Data records:

· · · ·

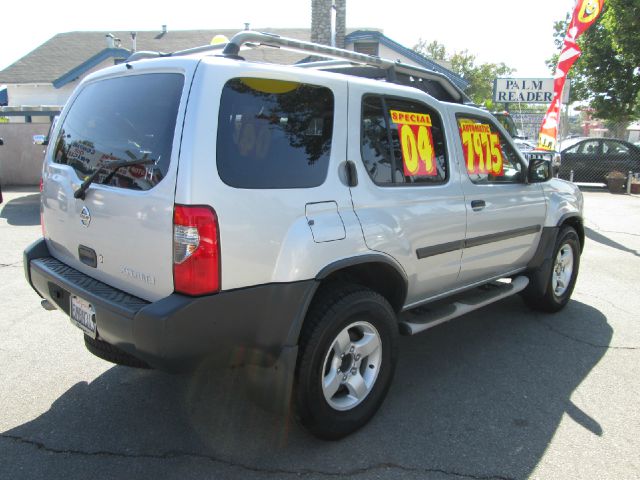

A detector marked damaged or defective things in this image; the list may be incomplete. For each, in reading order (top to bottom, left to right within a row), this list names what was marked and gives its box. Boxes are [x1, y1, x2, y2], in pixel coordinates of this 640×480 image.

cracked asphalt [0, 188, 636, 480]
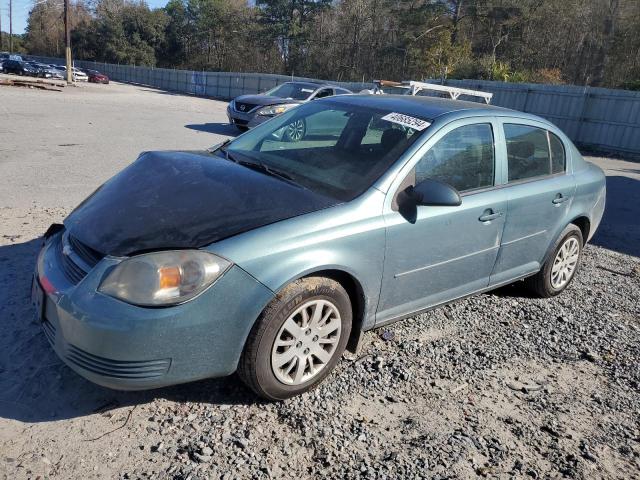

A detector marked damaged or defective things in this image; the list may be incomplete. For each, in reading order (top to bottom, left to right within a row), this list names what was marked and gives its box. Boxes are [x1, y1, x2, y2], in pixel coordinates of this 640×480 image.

dented hood [62, 151, 338, 256]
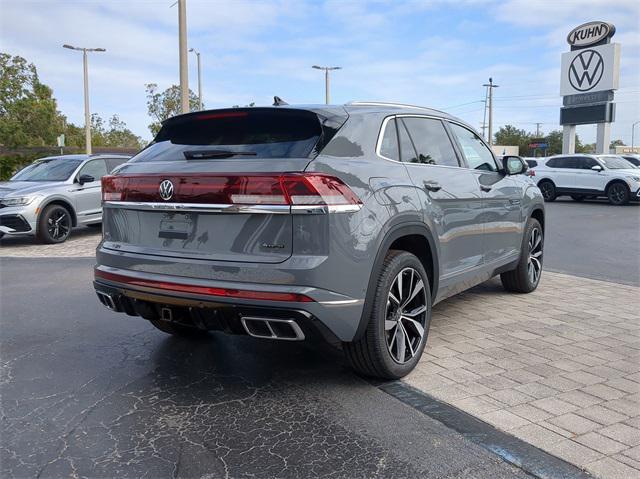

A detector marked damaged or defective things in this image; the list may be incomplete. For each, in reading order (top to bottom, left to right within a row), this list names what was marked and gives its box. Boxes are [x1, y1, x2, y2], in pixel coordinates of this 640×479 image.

cracked pavement [0, 258, 528, 479]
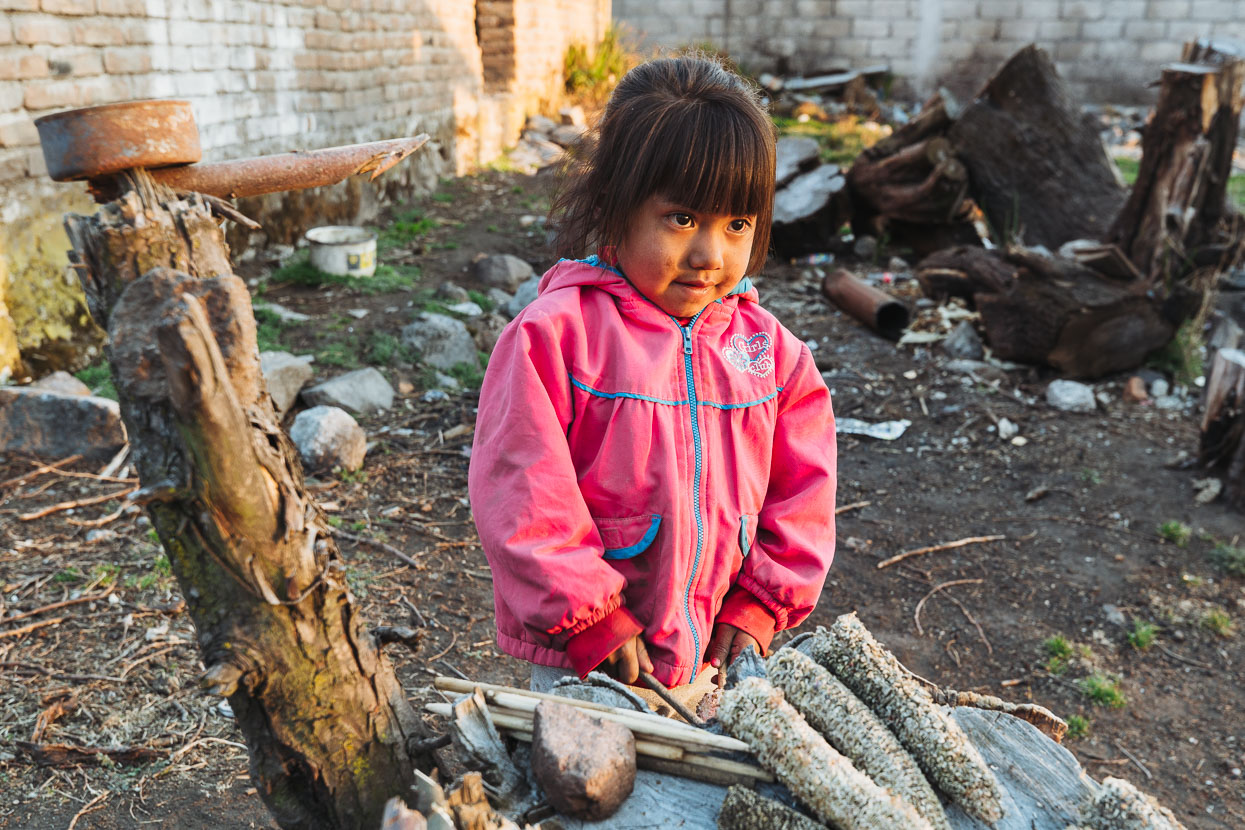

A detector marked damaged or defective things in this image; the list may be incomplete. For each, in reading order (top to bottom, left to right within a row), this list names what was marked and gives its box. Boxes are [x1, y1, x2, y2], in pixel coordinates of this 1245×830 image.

rusty metal disc [35, 100, 201, 181]
rusty metal pipe [142, 136, 428, 201]
rusty metal bar [142, 136, 428, 201]
rusty metal pipe [821, 270, 911, 340]
rusty metal bar [821, 270, 911, 340]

· · · ·

* [WHAT IS BEING ASKED]
Transcribe the lines that run from the line bearing "this 640×479 image." through the last line of the data. Keep the wording exact and leave out every picture.

* [WRITTEN REPLY]
A detector marked damaged or defective things in this image; the list may be incomplete. For each, in reading order (top to bottom, left to right within a row), this list names what was marked and gives its box. Boxes are [x1, y1, x2, y2], in pixel coordinates of this 640×479 image.

cracked pavement [0, 258, 528, 479]

A detector marked damaged or defective things in this image; the list may be incomplete. For each, in reading order (top to bottom, left to right within a row), this list names what was marked and gives its box. Boxes are [x1, y1, x2, y2], in pixel coordinates of this 1245×830 image.

rusty metal disc [35, 100, 201, 181]
rusty metal pipe [142, 136, 428, 201]
rusty metal bar [142, 136, 428, 201]
rusty metal pipe [821, 270, 911, 340]
rusty metal bar [821, 270, 911, 340]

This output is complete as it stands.